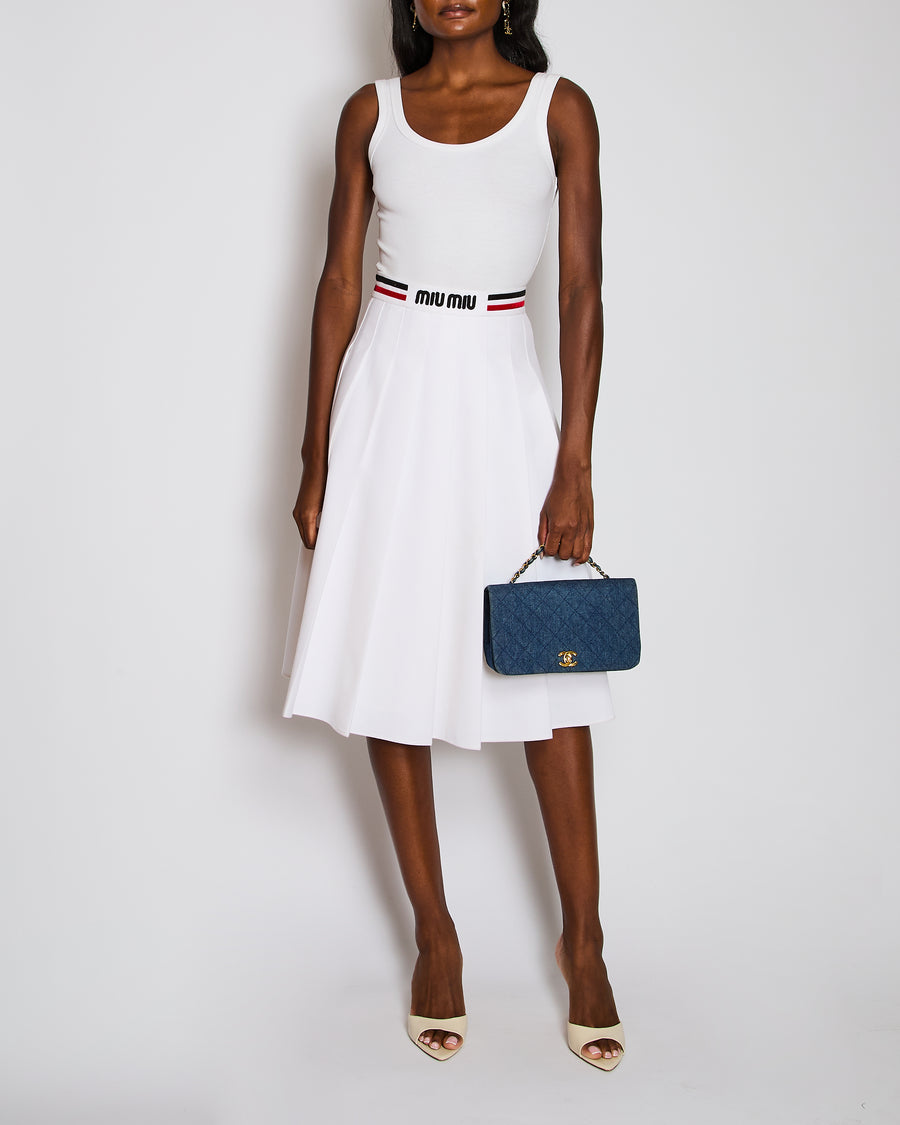Miu Miu White Pleated Midi Skirt with Logo and Striped Waist Detail Size L (UK 14)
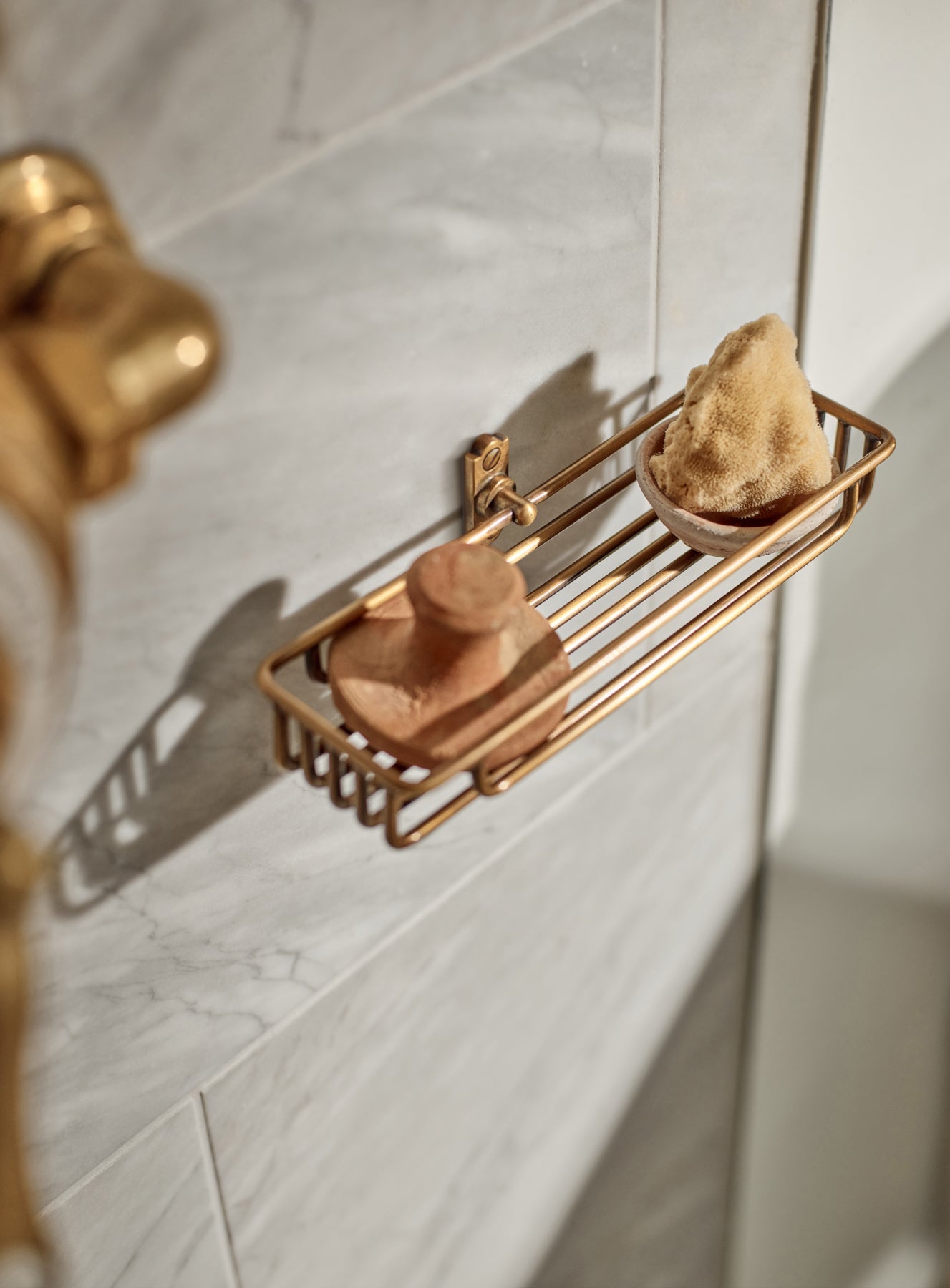 Bilton Shower Caddy, Antique Brass
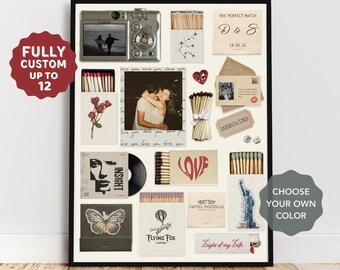 Custom Matchbook Art | Personalized Matchbox Poster | Vintage Matchbook Print | Retro Wall Art | Unique Anniversary Gift | Unlimited Edits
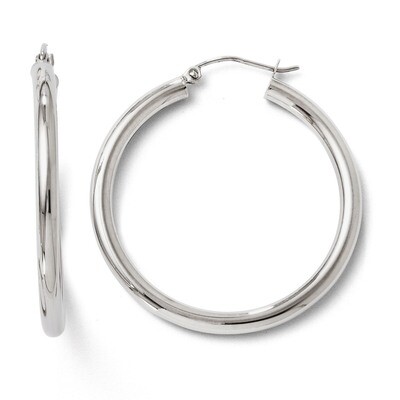 Leslie&#39;s Polished Hoop Earrings - 14k White Gold HB-21W, MPN: 21W, 883957021744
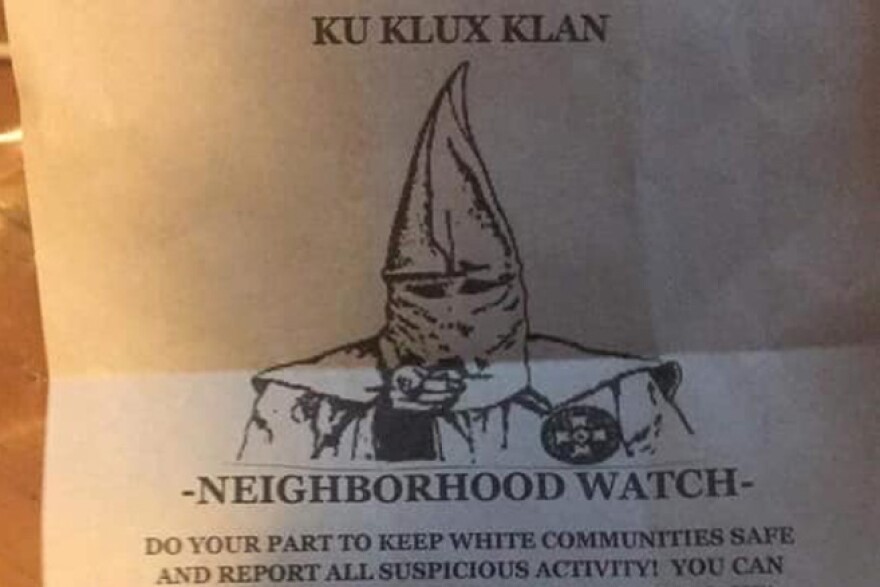A KKK flyer found Monday morning in Bloomington.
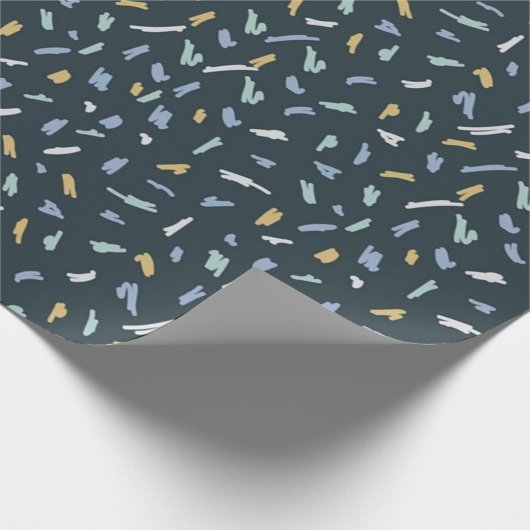 青い黄色の白の幾何学的なラッピング紙 ラッピングペーパー (角)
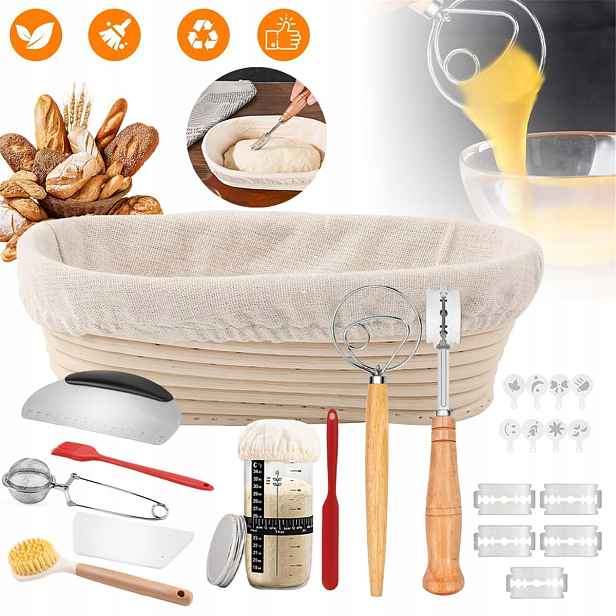 Pekařský Set S Přírodním Ratanem A Skleněnou Sklenicí 730 ML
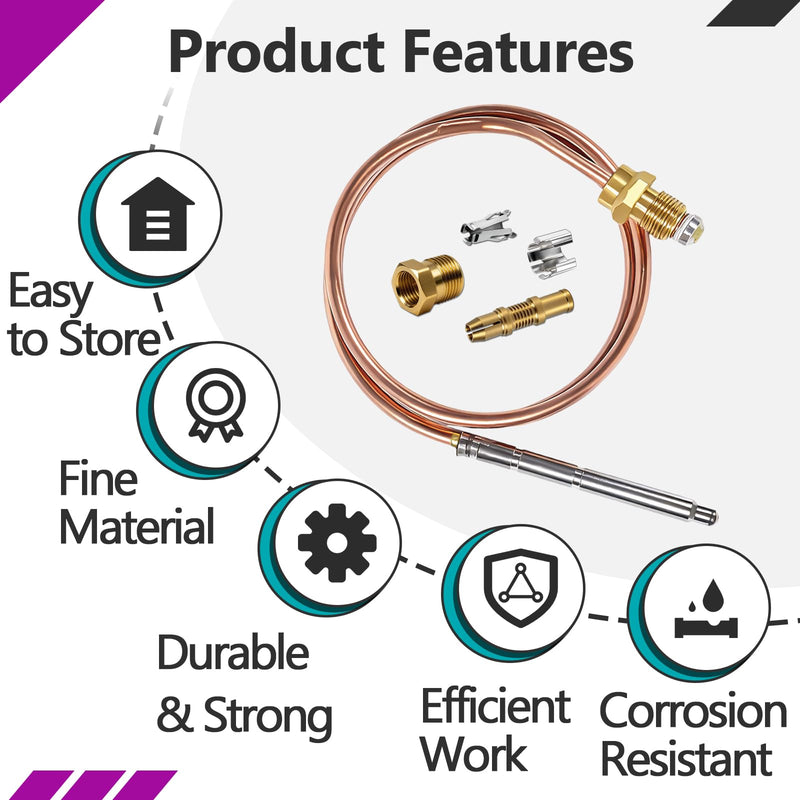 3 SETS Universal 24" Snap Thermocouple Compatible with Robertshaw 1980-024 3
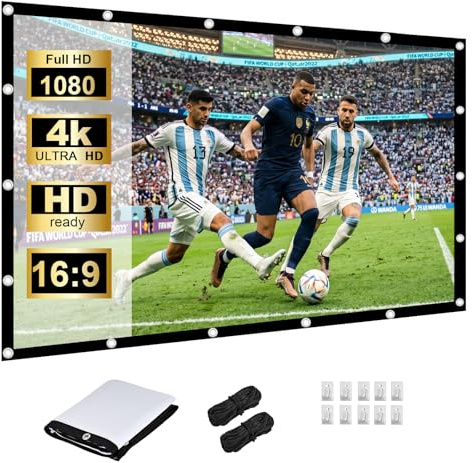 HOPFROG 60 Inch Portable Projector Screen, Washable & Anti-Crease Milk Silk Fabric, 16:9 4K HD Dual-Sided Foldable Movie Screen for Outdoor Camping & Home Theater, Easy Setup with Hooks, 160° View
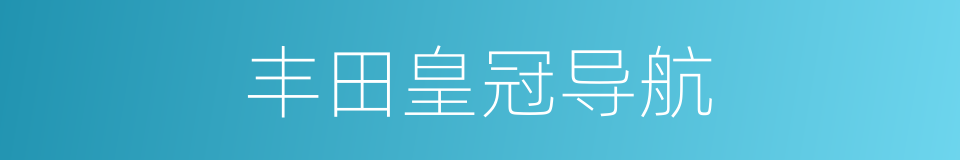 丰田皇冠导航的同义词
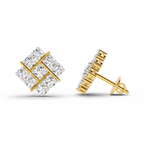 0.97 Carat Square Cluster Stud Earrings 14K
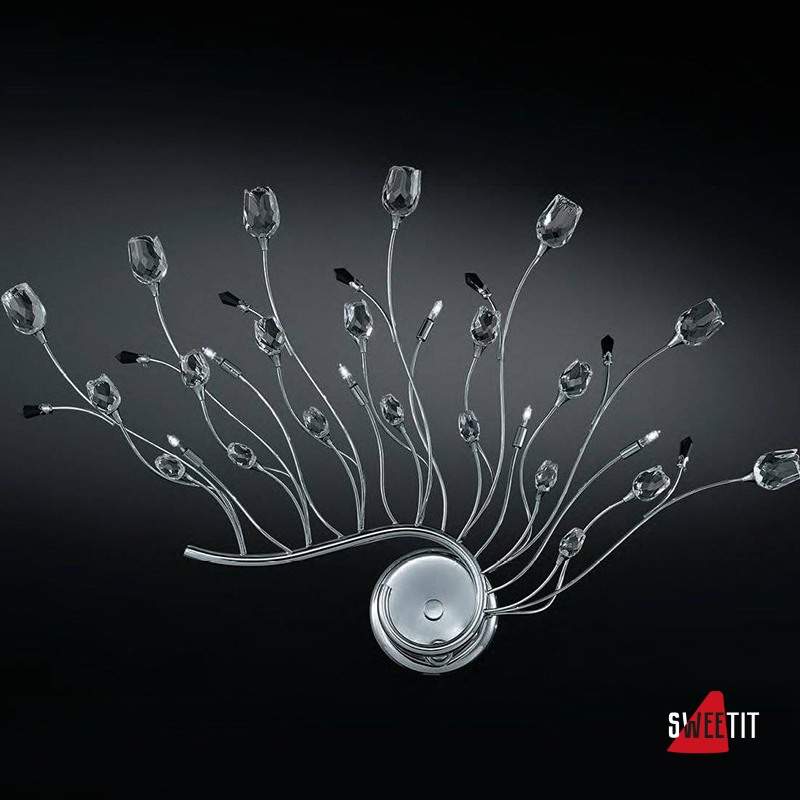 Бра IDL Rosetta 325/6A Chrome Clear roses/Black prisms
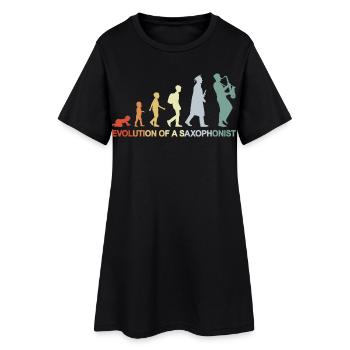 Saxophoniste Vintage Evolution - Robe T-shirt Femme - noir - Devant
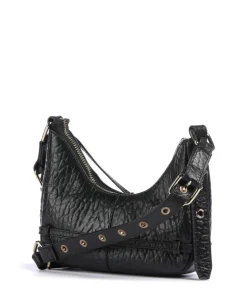 New Zealand Palma Belt Umhängetasche geprägtes Leder schwarz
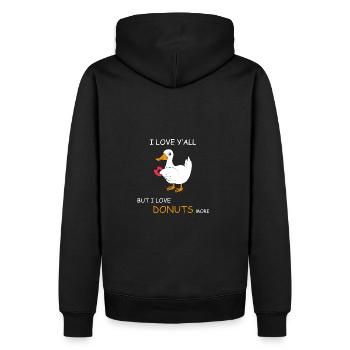 Ente mit Donut Spruch - Männer Premium Bio Hoodie - Schwarz - Hinten - Nico (187cm)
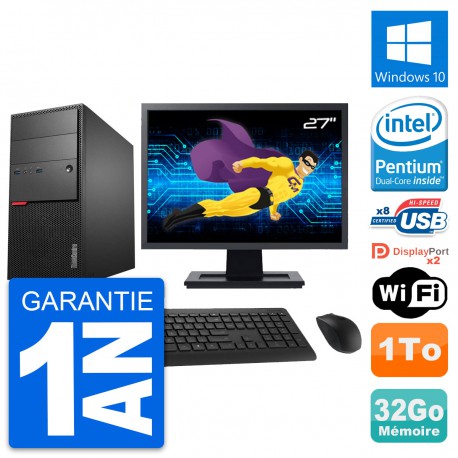 PC Tour Lenovo M900 Ecran 27" Intel G4400 RAM 32Go Disque 1To Windows 10 Wifi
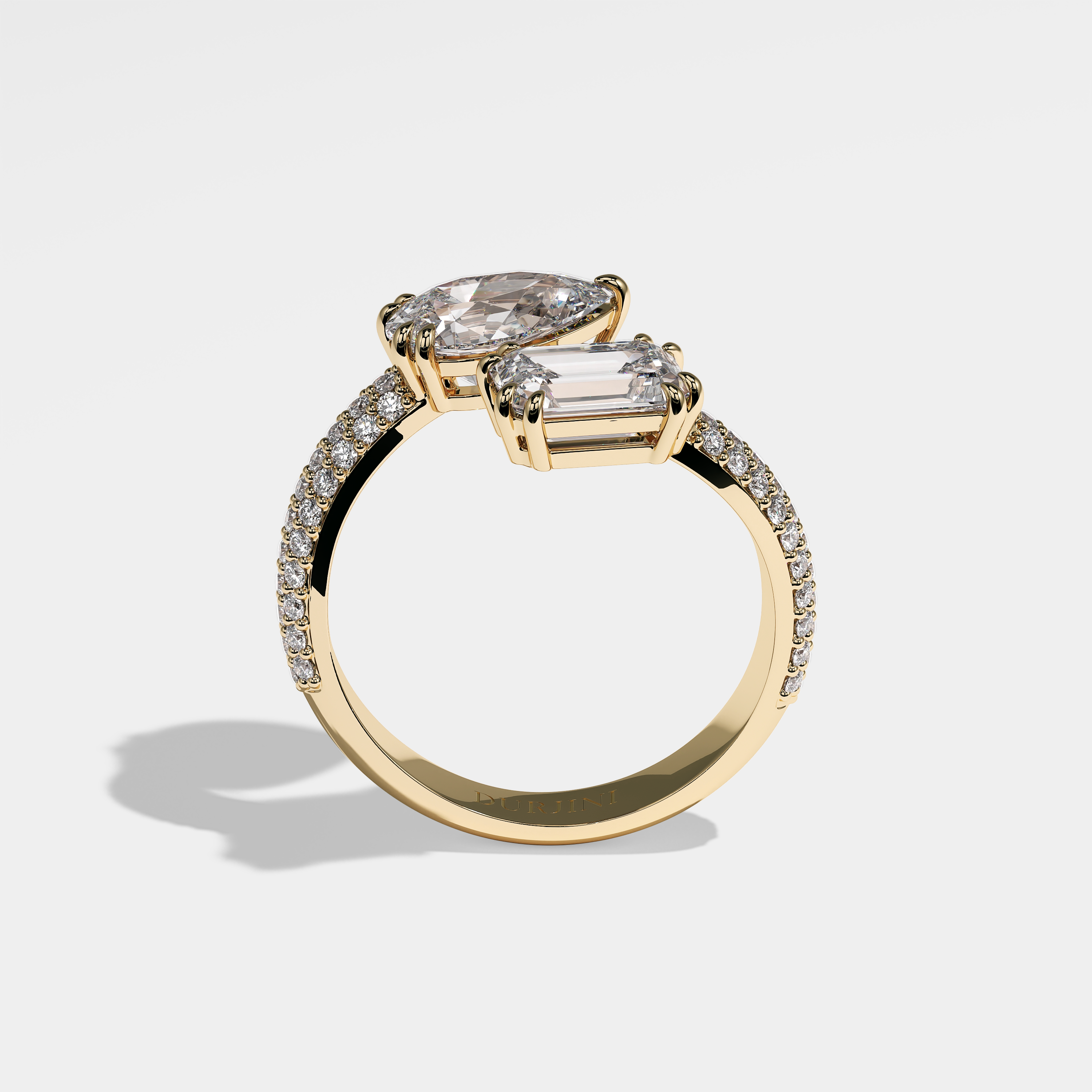 Mystery Diamond Pear Engagement Ring 18K Yellow Gold 8.00ct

::::::::::

> [EXERCISE INSTRUCTIONS]: Write out an exact copy of the lines beginning at the line that contains "青い黄色の白の幾何学的なラッピング紙 ラッピングペーパー (角)" and ending at the last line of the listing. Exclude pictures.

> [RESPONSE FOR THIS EXERCISE]:
 青い黄色の白の幾何学的なラッピング紙 ラッピングペーパー (角)
 Pekařský Set S Přírodním Ratanem A Skleněnou Sklenicí 730 ML
 3 SETS Universal 24" Snap Thermocouple Compatible with Robertshaw 1980-024 3
 HOPFROG 60 Inch Portable Projector Screen, Washable & Anti-Crease Milk Silk Fabric, 16:9 4K HD Dual-Sided Foldable Movie Screen for Outdoor Camping & Home Theater, Easy Setup with Hooks, 160° View
 丰田皇冠导航的同义词
 0.97 Carat Square Cluster Stud Earrings 14K
 Бра IDL Rosetta 325/6A Chrome Clear roses/Black prisms
 Saxophoniste Vintage Evolution - Robe T-shirt Femme - noir - Devant
 New Zealand Palma Belt Umhängetasche geprägtes Leder schwarz
 Ente mit Donut Spruch - Männer Premium Bio Hoodie - Schwarz - Hinten - Nico (187cm)
 PC Tour Lenovo M900 Ecran 27" Intel G4400 RAM 32Go Disque 1To Windows 10 Wifi
 Mystery Diamond Pear Engagement Ring 18K Yellow Gold 8.00ct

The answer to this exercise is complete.